María consiguió abrirle los muslos, como si de una ostra se tratase. Ana deslizó la toalla chorreante hacia el interior empapándolo y fue moviéndose hacia delante y hacia atrás, apretando de vez en cuando hacia arriba. Y así estuvo un buen rato, de pie, con la mano entre las piernas de Alba, frotándole con una toalla que comenzó siendo fría y se entibiaba por momentos. Y es que Alba jamás había sentido semejante fuego. Entonces, Ana cambió su expresión sonriente por una seria y aceleró sus movimientos, apretando con rabia. Alba sintió dolor y trató de liberarse pero Maria la sujeto fuerte de la cintura y se echó sobre la cama con ella encima mientras Ana tiraba la toalla a un lado y le sujetaba las piernas para colocarse en medio y frotar su pubis contra el sexo desnudo de la campesina. Alba grito y forcejeó sin mucho éxito con María que ara le sujetaba los brazos, ara le tapaba la boca.

- Date prisa... – dijo María con esfuerzo.

Ana extendió su mano a lo largo del sexo de Alba y la movió vigorosamente de un lado a otro. Alba se quemaba. De ser una olla, estaría con la tapadera cerrada y sobre un fogón de viva llama, hirviendo a borbotones y deseando derramarse por los costados. Sentía su sexo hinchado y enrojecido, gritando clemencia pero a la vez gritando más. De pronto le subió una sensación dulce por el estómago y estalló en convulsiones. María se llevó un cabezazo en la nariz y aflojó el cinturón que le venía haciendo con los brazos. Pero Ana no aflojó nada y siguió su ritmo frenético hasta que noto la mano empapada y resbaladiza, entonces se la llevó a la boca y se chupó los dedos y la palma como si la hubiera untado en confitura.

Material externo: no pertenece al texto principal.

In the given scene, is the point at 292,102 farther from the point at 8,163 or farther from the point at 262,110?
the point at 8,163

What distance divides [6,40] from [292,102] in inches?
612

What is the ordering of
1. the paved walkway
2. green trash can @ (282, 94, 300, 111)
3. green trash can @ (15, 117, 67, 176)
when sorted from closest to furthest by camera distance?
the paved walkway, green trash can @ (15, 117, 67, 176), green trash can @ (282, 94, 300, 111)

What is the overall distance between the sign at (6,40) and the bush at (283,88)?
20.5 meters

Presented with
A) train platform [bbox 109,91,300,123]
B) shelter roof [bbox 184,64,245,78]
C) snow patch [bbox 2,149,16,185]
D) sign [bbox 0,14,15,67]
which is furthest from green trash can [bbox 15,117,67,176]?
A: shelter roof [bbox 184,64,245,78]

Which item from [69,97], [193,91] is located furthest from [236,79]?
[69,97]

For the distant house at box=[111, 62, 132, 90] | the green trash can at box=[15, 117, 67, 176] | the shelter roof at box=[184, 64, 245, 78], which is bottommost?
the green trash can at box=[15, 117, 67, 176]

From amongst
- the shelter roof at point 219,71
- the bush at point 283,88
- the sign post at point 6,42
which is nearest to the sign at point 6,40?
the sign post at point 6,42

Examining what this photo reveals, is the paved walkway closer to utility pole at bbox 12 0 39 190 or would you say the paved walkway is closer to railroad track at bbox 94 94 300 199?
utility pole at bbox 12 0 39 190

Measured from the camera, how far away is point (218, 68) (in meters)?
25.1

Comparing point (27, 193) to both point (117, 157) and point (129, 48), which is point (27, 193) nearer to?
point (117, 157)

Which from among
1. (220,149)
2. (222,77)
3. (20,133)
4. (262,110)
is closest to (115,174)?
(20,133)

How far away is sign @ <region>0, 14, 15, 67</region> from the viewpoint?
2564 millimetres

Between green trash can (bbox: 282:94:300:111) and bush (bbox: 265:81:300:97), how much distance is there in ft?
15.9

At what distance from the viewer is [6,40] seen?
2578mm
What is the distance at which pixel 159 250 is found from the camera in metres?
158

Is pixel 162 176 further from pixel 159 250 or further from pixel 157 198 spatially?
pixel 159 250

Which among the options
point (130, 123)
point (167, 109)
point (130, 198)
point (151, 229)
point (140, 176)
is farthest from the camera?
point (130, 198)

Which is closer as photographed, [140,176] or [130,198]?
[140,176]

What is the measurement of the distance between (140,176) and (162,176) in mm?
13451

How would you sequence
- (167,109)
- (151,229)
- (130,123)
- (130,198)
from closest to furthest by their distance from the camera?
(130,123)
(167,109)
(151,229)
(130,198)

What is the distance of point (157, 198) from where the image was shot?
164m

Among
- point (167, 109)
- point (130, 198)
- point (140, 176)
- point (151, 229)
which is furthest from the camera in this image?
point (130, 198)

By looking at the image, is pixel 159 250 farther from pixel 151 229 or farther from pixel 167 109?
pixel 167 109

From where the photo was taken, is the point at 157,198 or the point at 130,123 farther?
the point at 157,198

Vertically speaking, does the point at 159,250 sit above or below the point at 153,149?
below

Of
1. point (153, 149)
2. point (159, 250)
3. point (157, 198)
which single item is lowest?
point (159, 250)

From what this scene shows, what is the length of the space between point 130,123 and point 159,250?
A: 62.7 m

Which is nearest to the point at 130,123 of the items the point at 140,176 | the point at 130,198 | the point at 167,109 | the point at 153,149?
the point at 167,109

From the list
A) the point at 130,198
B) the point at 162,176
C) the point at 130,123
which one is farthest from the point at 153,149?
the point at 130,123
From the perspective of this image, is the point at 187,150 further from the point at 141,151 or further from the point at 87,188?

- Mmmm... está rico... se nota que lo tenías bien guardado – le comentó Ana con sonrisa malévola.

María echó a un lado a Alba, que ahora ya no se defendía exhausta y agotada como se encontraba, y se incorporó al lado de su amiga para poder ver desde un plano más digno la obra acabada. O sea, a Alba, inmóvil, con las trenzas despeinadas, sobre las sábanas desordenadas, las piernas abiertas, el sexo enorme y palpitante totalmente cubierto de jugo transparente.

- Hermosa – dijo

- Mucho – le contestó Ana mientras seguía relamiéndose.

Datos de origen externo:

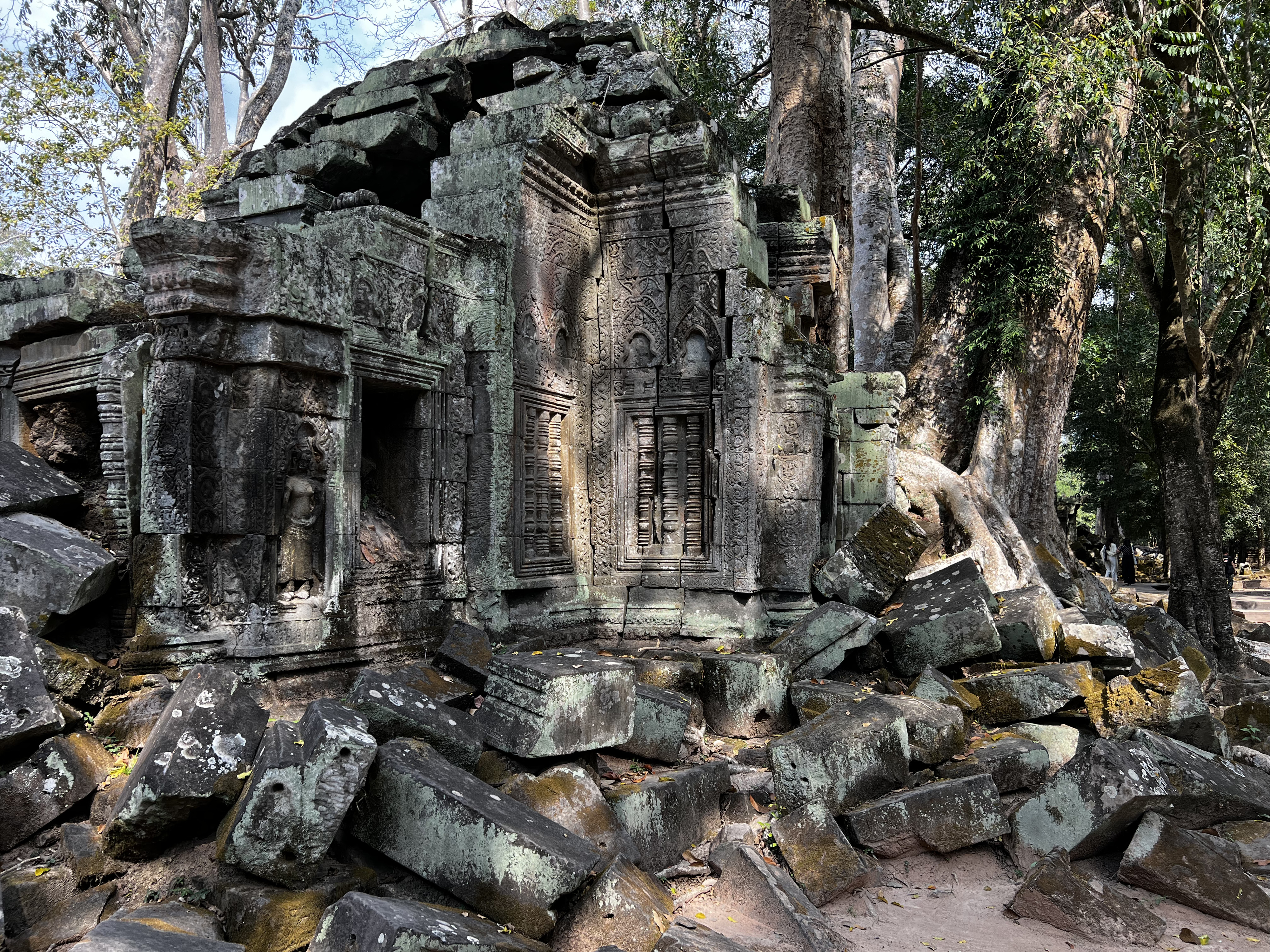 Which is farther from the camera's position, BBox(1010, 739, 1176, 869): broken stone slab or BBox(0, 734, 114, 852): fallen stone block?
BBox(1010, 739, 1176, 869): broken stone slab

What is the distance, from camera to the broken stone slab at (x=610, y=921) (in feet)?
10.9

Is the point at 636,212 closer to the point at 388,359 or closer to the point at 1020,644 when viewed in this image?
the point at 388,359

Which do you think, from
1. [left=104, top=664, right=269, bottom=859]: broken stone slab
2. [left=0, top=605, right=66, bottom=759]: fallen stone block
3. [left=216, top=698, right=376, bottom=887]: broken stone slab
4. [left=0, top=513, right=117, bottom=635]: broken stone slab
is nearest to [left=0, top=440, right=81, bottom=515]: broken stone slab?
[left=0, top=513, right=117, bottom=635]: broken stone slab

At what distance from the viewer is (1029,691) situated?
5668 millimetres

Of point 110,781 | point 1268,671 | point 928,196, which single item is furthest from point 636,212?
point 1268,671

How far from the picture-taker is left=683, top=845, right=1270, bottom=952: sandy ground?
3830 mm

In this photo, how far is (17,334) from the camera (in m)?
5.88

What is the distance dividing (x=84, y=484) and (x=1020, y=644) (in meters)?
6.45

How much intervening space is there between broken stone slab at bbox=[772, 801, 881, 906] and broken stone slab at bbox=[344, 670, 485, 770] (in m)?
1.57

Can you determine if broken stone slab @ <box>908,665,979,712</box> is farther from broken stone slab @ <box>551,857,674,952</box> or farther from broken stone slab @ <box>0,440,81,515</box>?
broken stone slab @ <box>0,440,81,515</box>

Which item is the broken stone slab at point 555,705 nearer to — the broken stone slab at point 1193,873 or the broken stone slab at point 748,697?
the broken stone slab at point 748,697

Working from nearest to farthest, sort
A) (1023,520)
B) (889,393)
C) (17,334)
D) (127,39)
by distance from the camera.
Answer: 1. (17,334)
2. (889,393)
3. (1023,520)
4. (127,39)

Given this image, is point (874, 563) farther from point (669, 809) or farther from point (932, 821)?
point (669, 809)

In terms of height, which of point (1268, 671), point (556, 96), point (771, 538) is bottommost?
point (1268, 671) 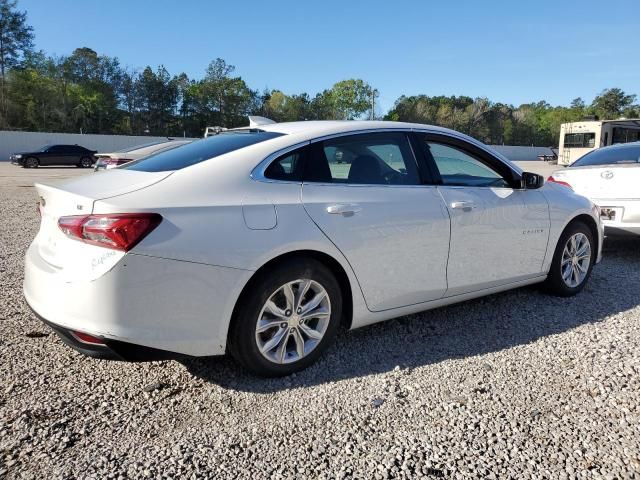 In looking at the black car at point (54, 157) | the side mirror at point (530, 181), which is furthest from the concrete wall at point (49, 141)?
the side mirror at point (530, 181)

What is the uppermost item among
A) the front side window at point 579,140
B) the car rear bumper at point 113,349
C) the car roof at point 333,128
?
the front side window at point 579,140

Alba ya no las escuchaba, intentaba entender qué le había pasado, era la primera vez que experimentaba algo así: ardor entre las piernas y la sensación dulce y fuerte que la había dejado en ese estado.

- Bienvenida a la casa de la Sra. Nuria Gelabert – dijo Ana antes de salir con María, cerrar la puerta, y dejarla, esta vez sí, sola.